14700 Tamiami Trail North, Naples
NORTH NAPLES — Say goodbye to nickel lasagna night, Nadine’s favorite pasta and Krispy Kreme doughnut bread pudding.
Naples Tomato, a popular North Naples restaurant, closed its doors Saturday after the dinner service.
“We gave it our best go, but I think with places like the Mercato it’s going to be impossible for things to work,” said Jack Serfass, the restaurant’s owner. “We had a lot of conversations, but we weren’t able to make it possible.”
The restaurant has been open for about eight years and was featured in a 2006 New York Times travel piece on Naples.
Serfass declined to go into the details that surrounded the decision to close the restaurant, but said the location — 14700 U.S. 41 N, just south of the Lee County border — was no longer a viable one.
“It is sudden,” he said. “I can’t really get in to the details, but if we felt we could make it continue, we would.”
Serfass said restaurant management was informed of the closure Monday night by phone, while other employees — like bartenders and servers — were informed Tuesday morning through a post on an employee message board.
Naples Tomato hostess Brianna King said she started hearing rumors of the closure Monday night as she got ready for work. She called her manager who said the restaurant was closed and there were concerns about whether employees would be paid.
Employees, King said, should have been paid Tuesday.
“I wouldn’t say (we’re) panicking, it’s more a question of now what do we do,” King said. “Where do we go from here? It’s just a lot of we don’t know.”
Serfass said it was “definitely not (Naples Tomato’s) intention” to leave employees in the lurch. The company has a team working to liquidate its assets so it could pay employees, vendors and creditors.
“We’re doing what we can,” Serfass said.
The restaurant sent out a blast to about 15,000 customers on the company’s email list shortly before 1 p.m.
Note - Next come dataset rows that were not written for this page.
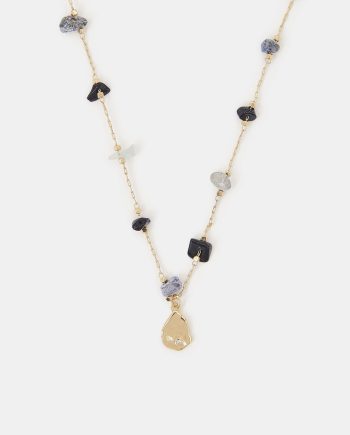 14CT GOLD-PLATED PENDANT NUGGET STONE STATION NECKLACE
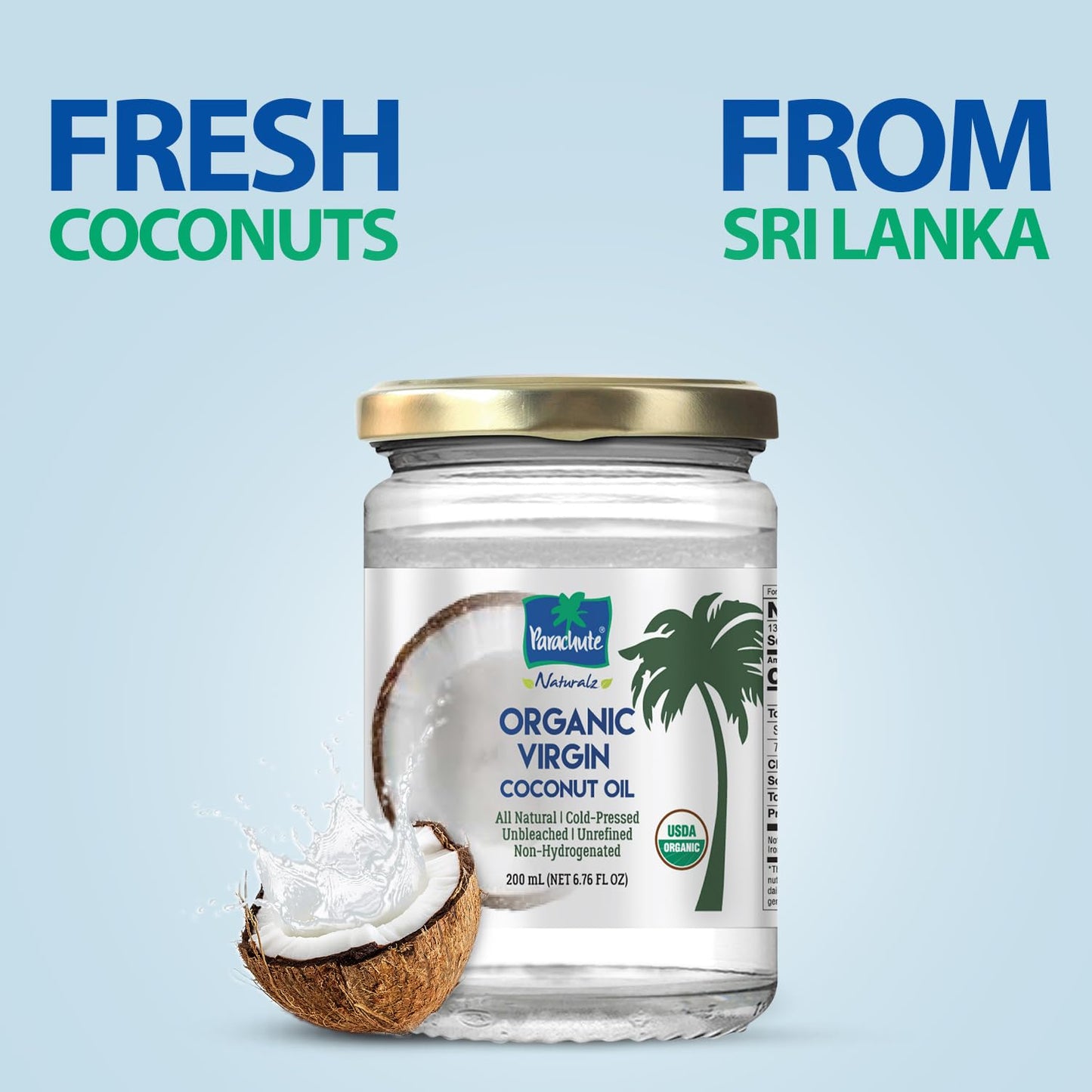 Parachute Naturalz Virgin Coconut Oil | 100% Organic Cooking Oil, Hair Oil And Body Oil | Cold Pressed | Usda Certified |16 Fl.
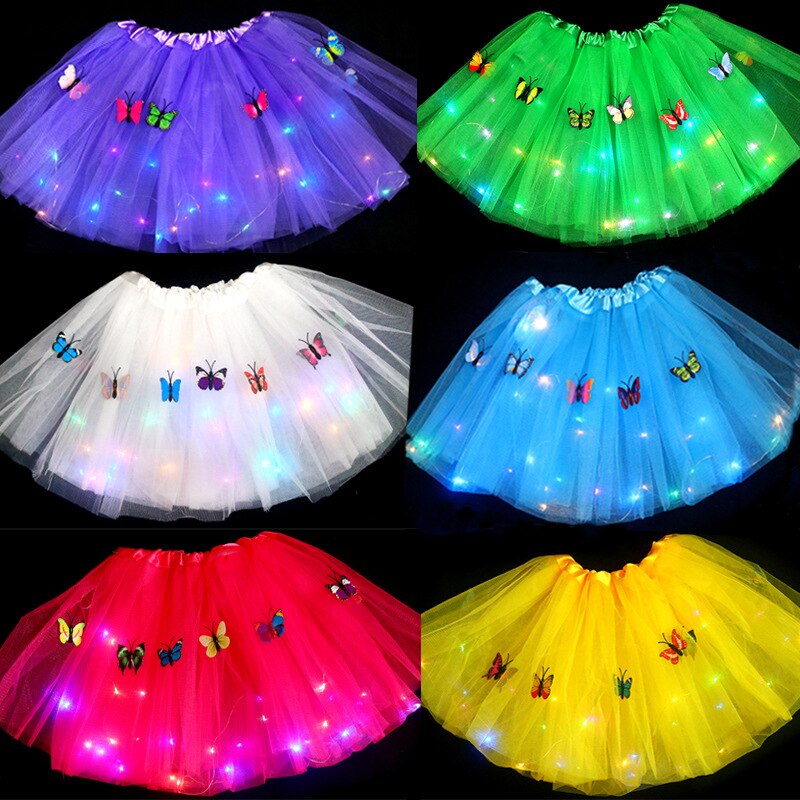 Tutú con luz de mariposa para niña, falda LED, corona de flores brillantes, diadema para , bola mágica, disfraz de Hada de Ángel, de cumpleaños y Navidad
Tuesday.
Other customers learned of the closure when they stopped by the restaurant for lunch. Instead of finding a bustling restaurant, customers were met with closed doors and a mostly empty space.
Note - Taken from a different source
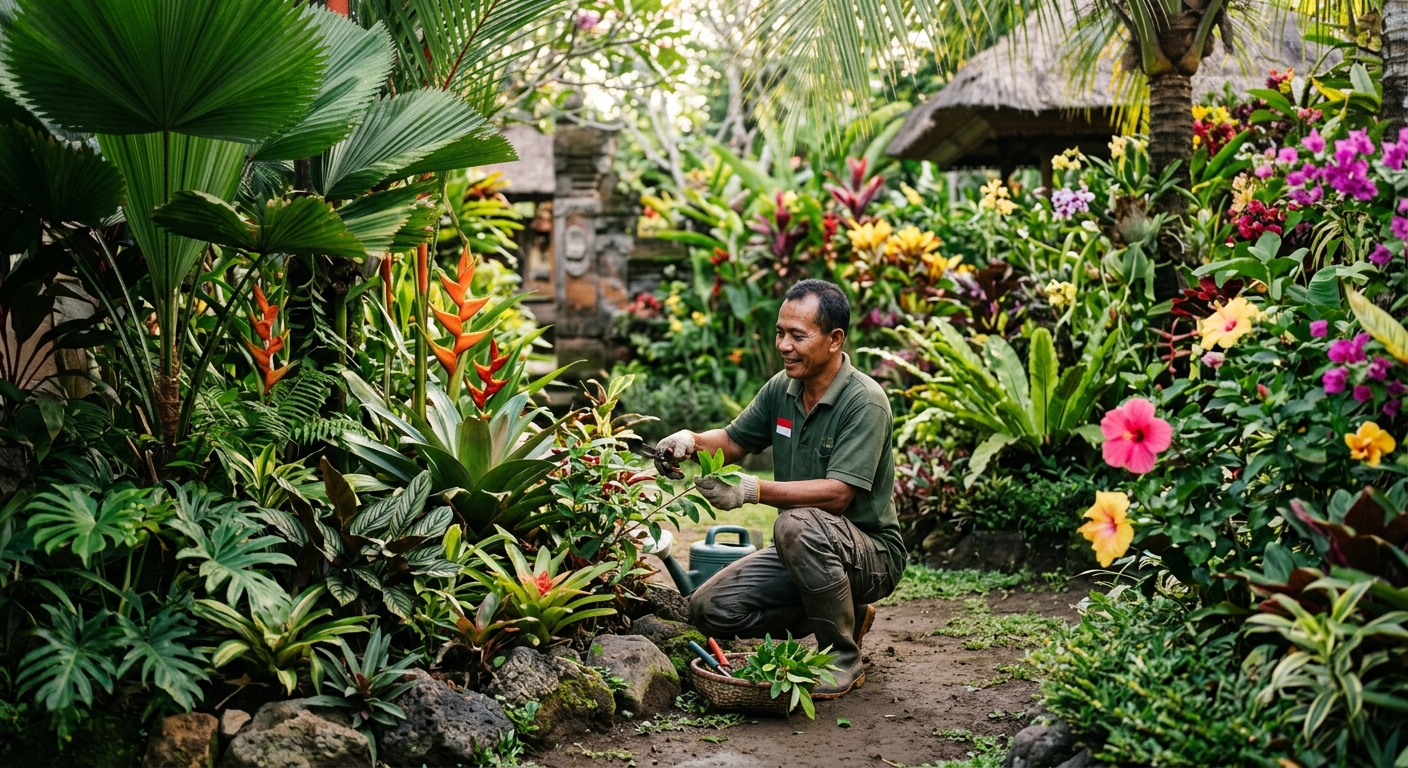 Tukang kebun merawat taman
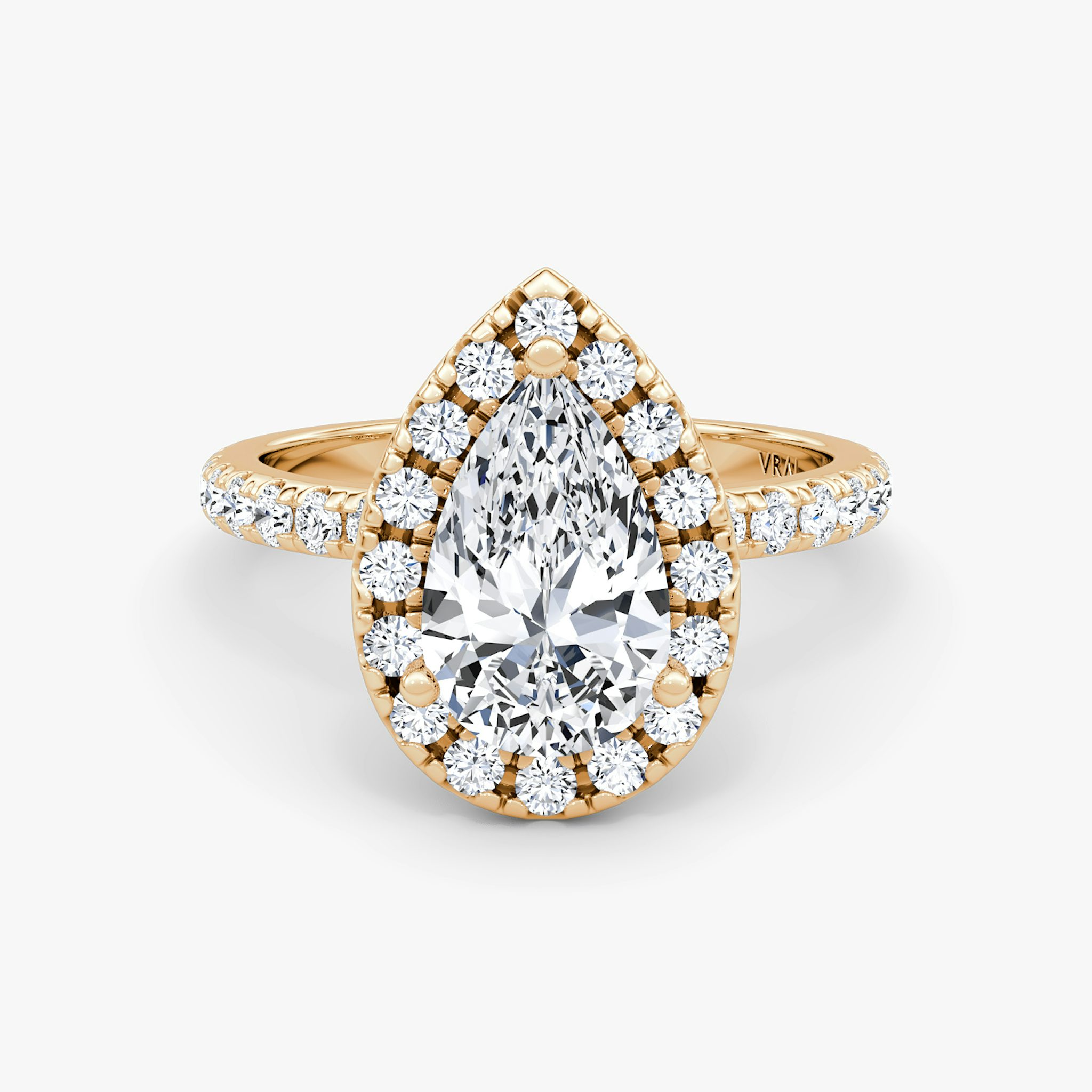 The Halo | Pear | 14k | Rose Gold | bandAccent: Pavé | haloSize: large | diamondOrientation: vertical | caratWeight: other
No sign was on the door, wine bottles were strewed across the bar and all of the furniture — from tables and chairs to plush couches and coffee tables — had been removed.
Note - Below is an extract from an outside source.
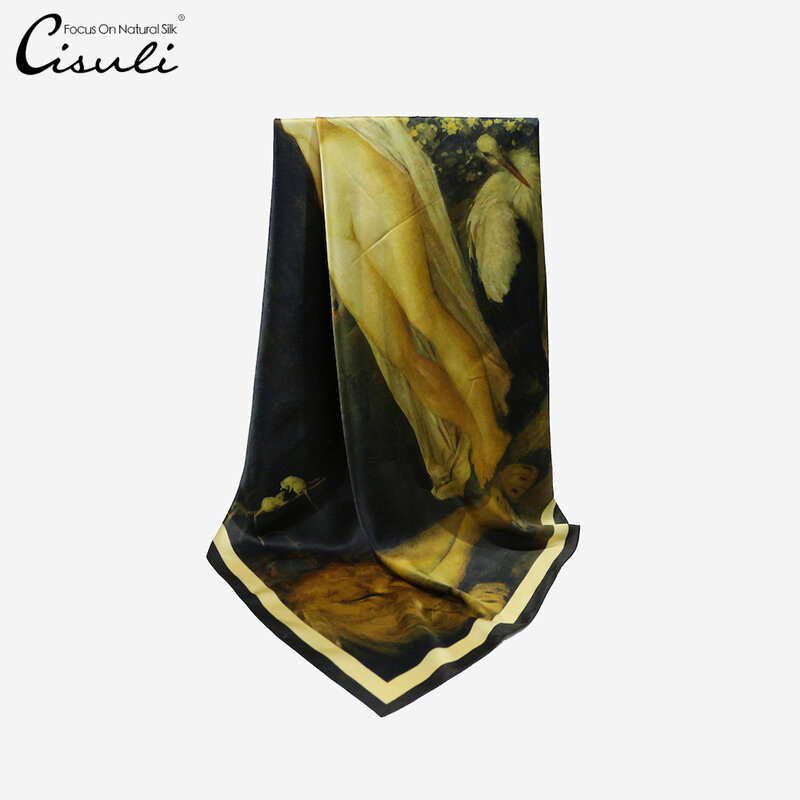 CISULI Silk Square Scarf 100% Mulberry Silk Satin Scarf 90cm Square Printed Head Scarf Oil Painting Pattern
“We’re shocked,” said Naples resident John Barlas. “We got the impression they were renovating.”
Serfass said while the restaurant is “closed for good at that location,” he hasn’t ruled out the possibility of reopening at another location. Naples Tomato still has a franchise company — the first franchise was awarded in 2010 in Connecticut — and all of the recipes and trademarks are in a holding company. Those components, Serfass said, will make it easier to open a new restaurant if the opportunity arose.
In its May issue, Gulfshore Life magazine readers voted Naples Tomato as Collier County’s top spot for Italian fare and brunch, and also recognized its wine list as the best in town.
King said she didn’t know what the future holds for the restaurant, but is hoping things work out for the former employees.
“I don’t know, they might reopen, they might move,” she said. “I honestly don’t know. I hope I get paid.”